What you should do:
With the pictures removed, the data below must be transcribed in full and exactly.

Data:
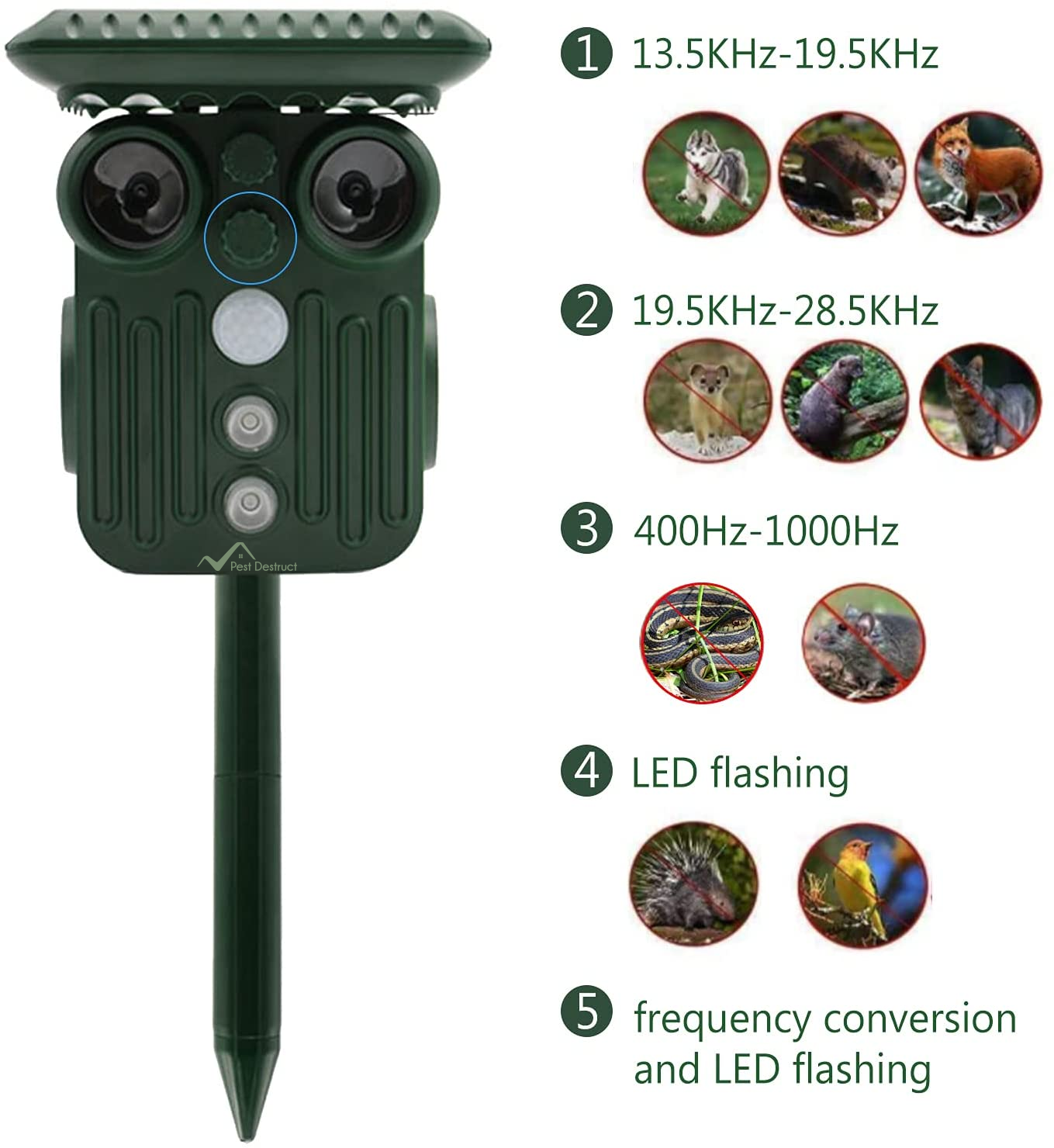 Mosrugs | Ultrasonic Solar Deer Repeller | 5 Adjustable Modes. Waterproof & Eco-Friendly for Home Gardens and Yards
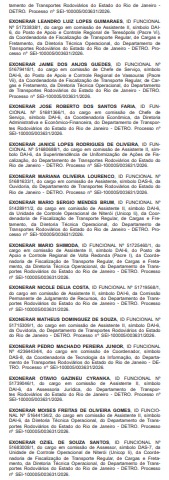 Secretário de Casa Civil do estado do Rio encerra semana com 356 exonerações; Detro-RJ concentra quase 80% dos cortes desta sexta (15) 78 pppp 17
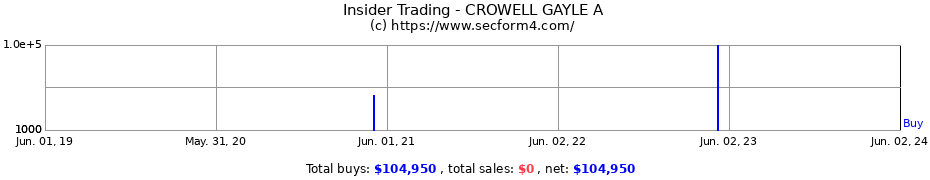 Insider Trading Transactions for CROWELL GAYLE A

Result:
 Mosrugs | Ultrasonic Solar Deer Repeller | 5 Adjustable Modes. Waterproof & Eco-Friendly for Home Gardens and Yards
 Secretário de Casa Civil do estado do Rio encerra semana com 356 exonerações; Detro-RJ concentra quase 80% dos cortes desta sexta (15) 78 pppp 17
 Insider Trading Transactions for CROWELL GAYLE A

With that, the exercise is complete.